V = FunctionSpace(mesh, ('P', 2))
u = TrialFunction(V)
v = TestFunction(V)

S = FunctionSpace(mesh, ('DG', 0))
mu = Function(S)
k = Function(S)
e_r = Function(S)
W = FunctionSpace(mesh, ('P', 4))
g = Function(W)
g.interpolate(lambda x: np.cos(np.pi * x[1] / (2 * w * 0.1)))

m_i = c1
m_o = 1
k_i = c2
k_o = 0
shift_len = 1.117113576837

def m(x):
    inner_condition = (x[0]-shift_len) ** 2 + x[1] ** 2 < 0.35 ** 2
    inner_value = c1
    outer_value = 1
    return inner_condition * inner_value + outer_value * (~inner_condition)


def kappa(x):
    inner_condition = (x[0]-shift_len) ** 2 + x[1] ** 2 < 0.35 ** 2
    inner_value = c2
    outer_value = 0
    return inner_condition * inner_value + outer_value * (~inner_condition)


def epsilon(x):
    inner_condition = (x[0]-shift_len) ** 2 + x[1] ** 2 < 0.35 ** 2
    inner_value = 11.7
    outer_value = 1
    return inner_condition * inner_value + outer_value * (~inner_condition)

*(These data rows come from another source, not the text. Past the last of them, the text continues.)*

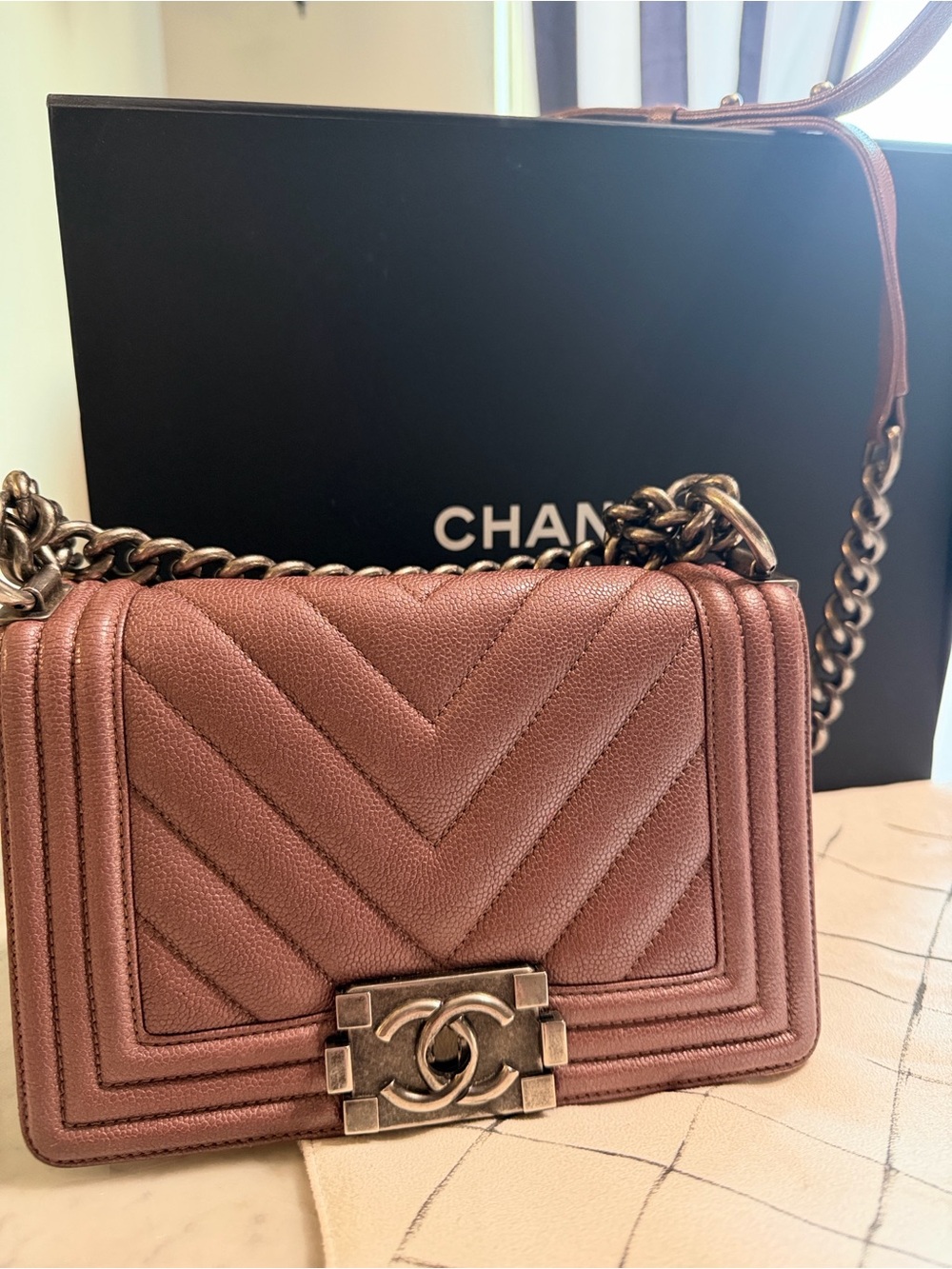CHANEL Boy Bag - Small Chevron Caviar Leather/Mauve/Ruthenium Hardware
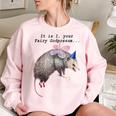 Fairy Godpossum Women's Oversized Sweatshirt – Raccoon Trash Panda Theme Light Pink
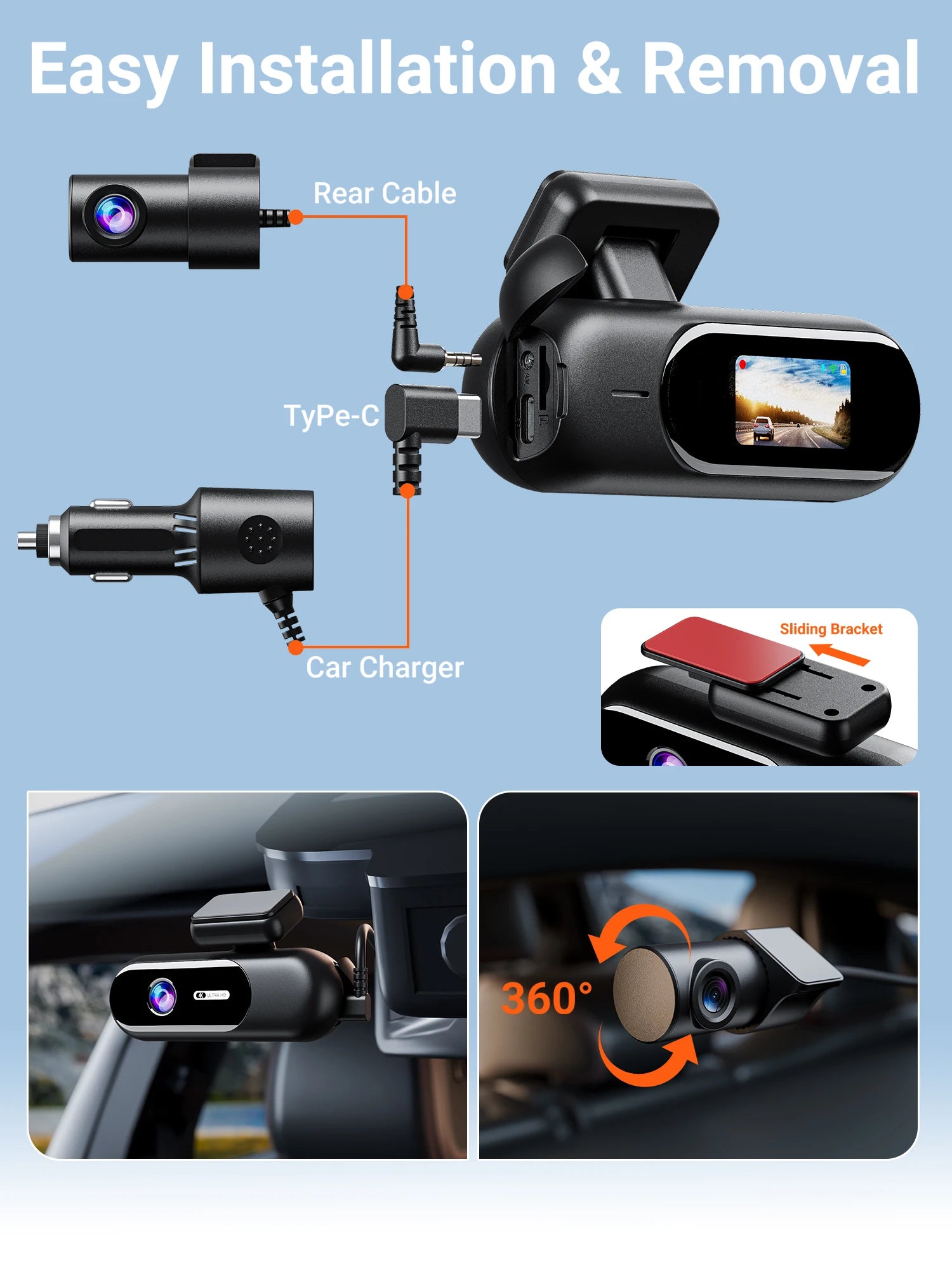 Dash Cam for cars 4K UHD Recording Front Rear Car Camera HDR Night Vision Recorder Built in Wi-Fi 24H Parking Mode APP Monitor Magic Electronics S9abaead59962414bba12015f249b47eaP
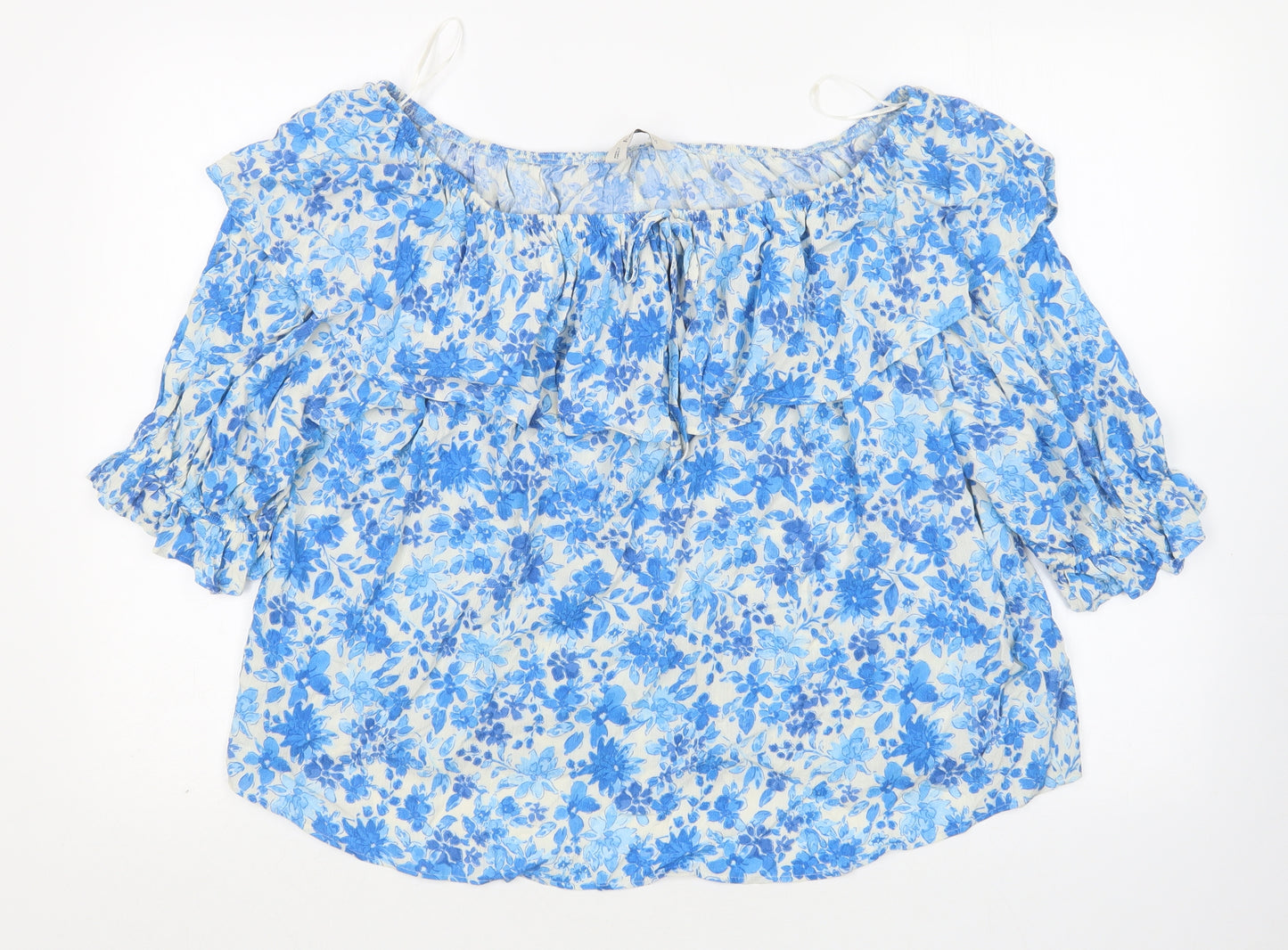 F&F Womens Multicoloured Floral Viscose Basic Blouse Size 18 Boat Neck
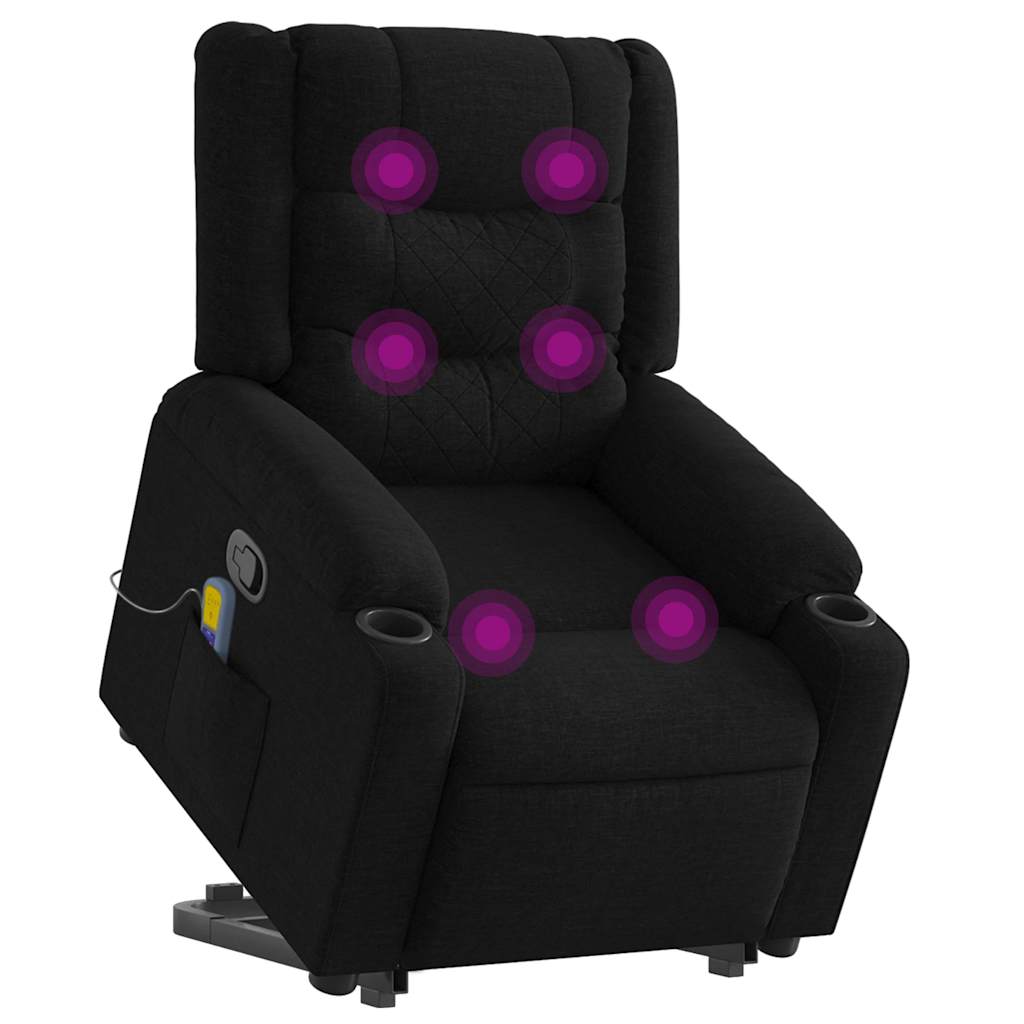 Stand up Massage Recliner Chair Black Fabric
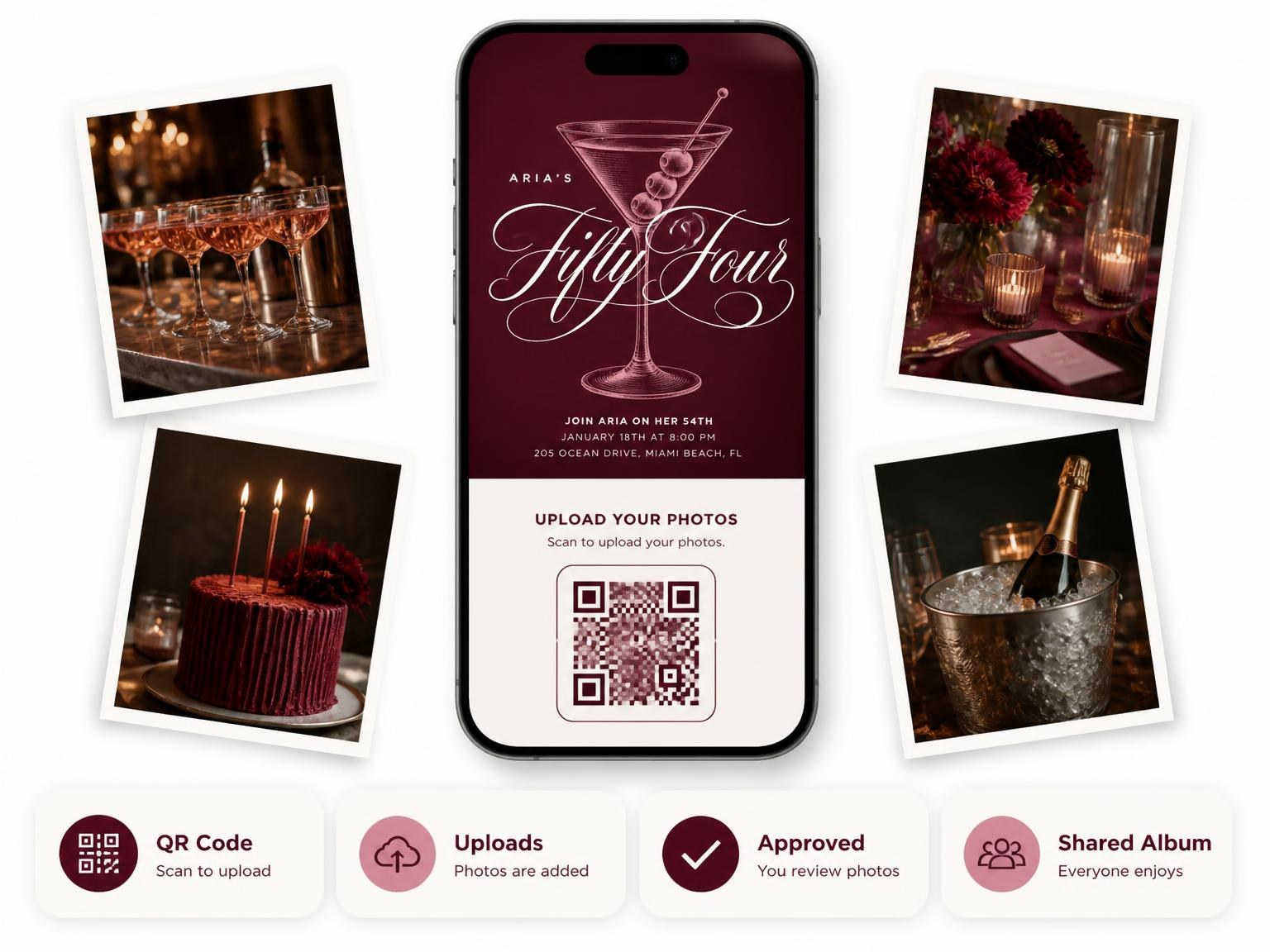 The shared photo gallery that comes with the Burgundy Cocktail 54th Birthday Invitation invitation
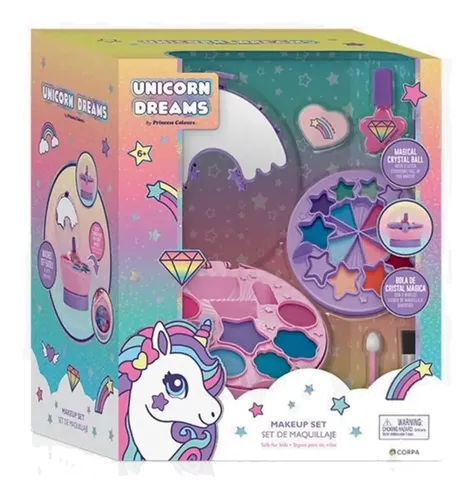Set de Maquillaje Infantil Unicorn Dreams Multiscope Bola Cristal Hipoalergénico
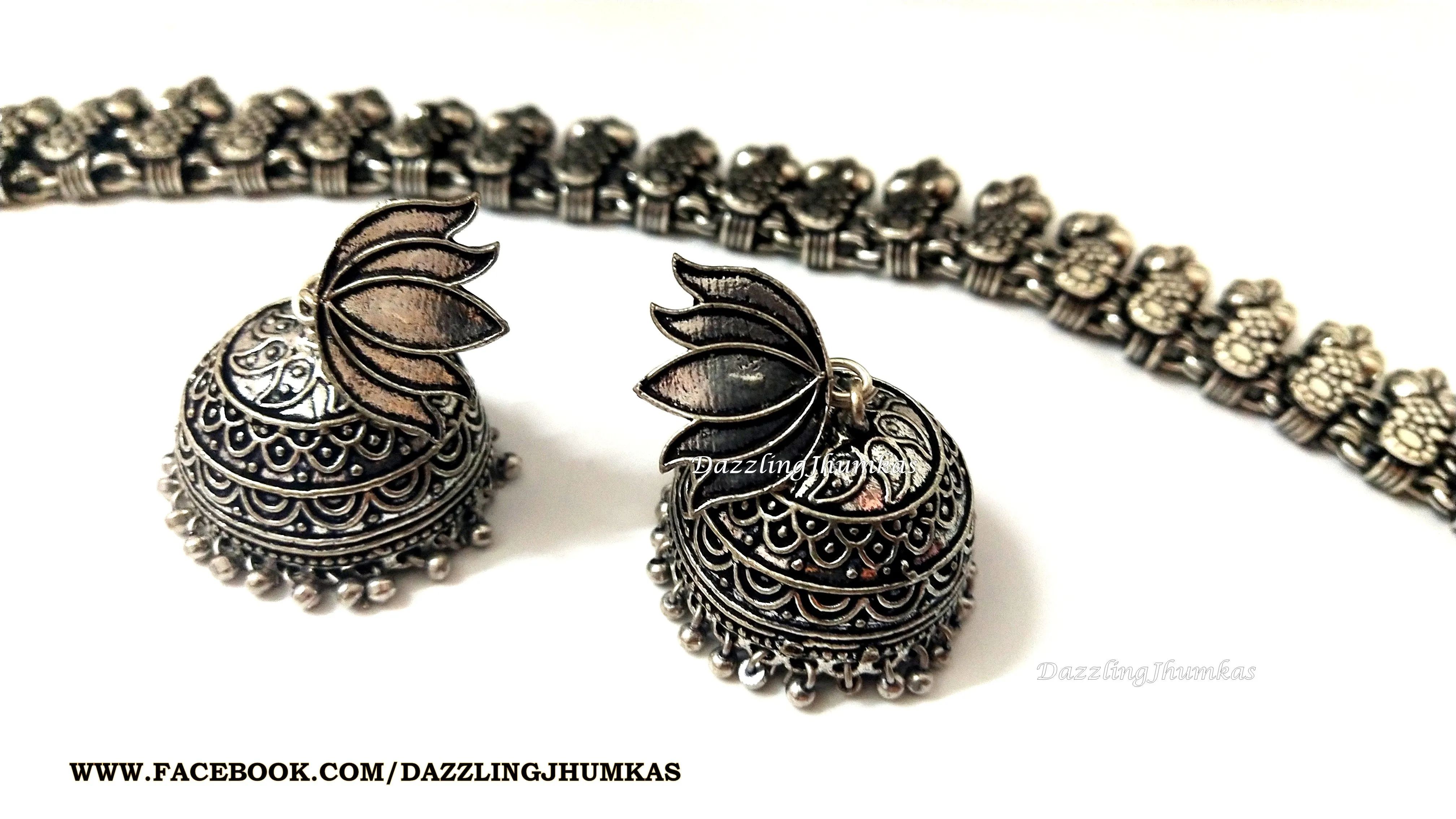 Oxidised German Silver Long haaram Necklace with Earrings Pattern 3 !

mu.interpolate(lambda x: m(x))
k.interpolate(lambda x: kappa(x))
e_r.interpolate(lambda x: epsilon(x))

u0 = Function(V)
with u0.vector.localForm() as bc_local:
    bc_local.set(0.0)

bndry_facets = np.where(mf_line.values == 4)[0]
bdofs = locate_dofs_topological(V, 1, bndry_facets)
bc = DirichletBC(u0, bdofs)
ds = Measure('ds', subdomain_data=mf_line)
dS = Measure('dS', subdomain_data=mf_line)
dx = Measure('dx', subdomain_data=mf_triangle)
n = FacetNormal(mesh)
t = perp(n)

a = mu / (mu ** 2 - k ** 2) * inner(grad(u), grad(v)) * dx - \
    (m_i / (m_i ** 2 - k_i ** 2) - m_o / (m_o ** 2 - k_o ** 2)) * \
    inner(dot(grad(u)('+'), n('+')), v('+')) * dS(7) -\
    1j * k / (mu ** 2 - k ** 2) * (inner(u.dx(0), v.dx(1)) - inner(u.dx(1), v.dx(0))) * dx -\
    1j * k_i / (m_i ** 2 - k_i ** 2) * inner(dot(grad(u)('+'), t('+')), v('+')) * dS(7) -\
    e_r * k0 ** 2 * inner(u, v) * dx + wavenumber * inner(u, v) * (ds(1) + ds(2) + ds(3))
L = 2 * wavenumber *inner(g, v) * ds(1)

u = Function(V)
solve(a == L, u, bc)

with XDMFFile(MPI.comm_world, "plane_wave.xdmf",
              encoding=XDMFFile.Encoding.HDF5) as file:
    file.write(u)

That is because a is not a scalar value. a contains a test and a trial function, and you should use assemble_matrix(a). However, then the additional term Also has to be bilinear, like:

a= inner(dot(grad(u)(’+’), n(’+’)), v(’+’)) * dS(7) + inner(u,v)*Constant(mesh, 0)*dx(domain=mesh,subdomain_data=mf_triangle))
A=assemble_matrix(a)

Then why I can calculate assemble_scalar(inner(dot(grad(u)(’+’), n(’+’)), v(’+’)) * dS(7))?

Thats a Good question. But as I said. It does not make sense as u is a trial function and v a test function.

My domain has two subdomains, the internal boundary is between the inside circle subdomain tagged by 6 and the outside subdomain tagged by 5. I want to calculate the boundary integration of v and the normal gradient of u on the internal boundary(gradient direction points from circle center to the outside), is the expression inner(dot(grad(u)(’+’), n(’+’)), v(’+’)) * dS(7) correct? Also I used inner(dot(grad(u)(’+’), t(’+’)), v(’+’)) * dS(7) to calculate the anticlockwise line integration. I wrote like this according to my understanding, but could you give me the definite answer? Thank you.

As long as the internal boundary between 5 and 6 has been marked with 7, this integral should be restricted to the inside of the circle subdomain.

Thank you.